La promotion d'un financement durable sera également essentielle à la réussite d'une transition, dans la mesure où le secteur financier pourrait être au premier plan d'un changement à l'échelle de l'économie. Au cours des dernières années, de nombreuses banques centrales et agences de contrôle financier en Asie ont mis en œuvre, ou ont commencé à mettre en œuvre des mesures de ce genre, malgré les contraintes de capacité et de ressources.
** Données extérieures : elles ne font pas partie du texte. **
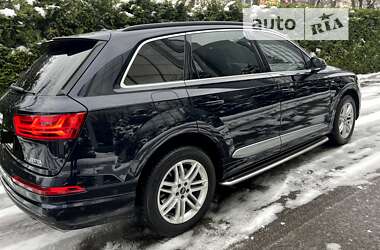 Внедорожник / Кроссовер Audi Q7 2016 в Киеве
[Insérer le graphique ici.]
À court terme, les banques centrales et les organes de contrôle financier de l'ASEAN+3 ont une marge de manœuvre importante pour encourager la transition vers une économie à faible émission de carbone en dirigeant les entreprises et les prêteurs vers une réduction de l'utilisation du carbone et en se concentrant sur les énergies renouvelables et les technologies vertes. Des mesures en ce sens pourraient encourager un changement similaire dans l'économie, en conduisant les entreprises à répercuter le prix des risques climatiques sur leurs produits et services.
En apportant leur soutien à des politiques à faible émission de carbone et en encourageant la finance verte, les décideurs politiques pourraient stimuler de nouveaux secteurs des énergies renouvelables et stimuler la croissance économique. En outre, réduire leur dépendance aux combustibles fossiles libellés en dollars permettrait aux pays de l'ASEAN+3 de déplacer les recettes publiques mobilisées pour l'instant dans la conservation d'importantes réserves de devises , vers des politiques nationales.
Pour minimiser les effets néfastes des changements climatiques sur leurs populations et leurs économies, les décideurs de l'ASEAN+3 doivent mettre en œuvre des politiques d'atténuation des risques qui contribuent à prévenir les retombées régionales et encouragent l'émergence de nouveaux secteurs d'activité et de technologies. Cela permettrait également de renforcer la sécurité énergétique. Il est beaucoup plus difficile de couper les approvisionnements en énergie solaire et éolienne – que de faire exploser un gazoduc.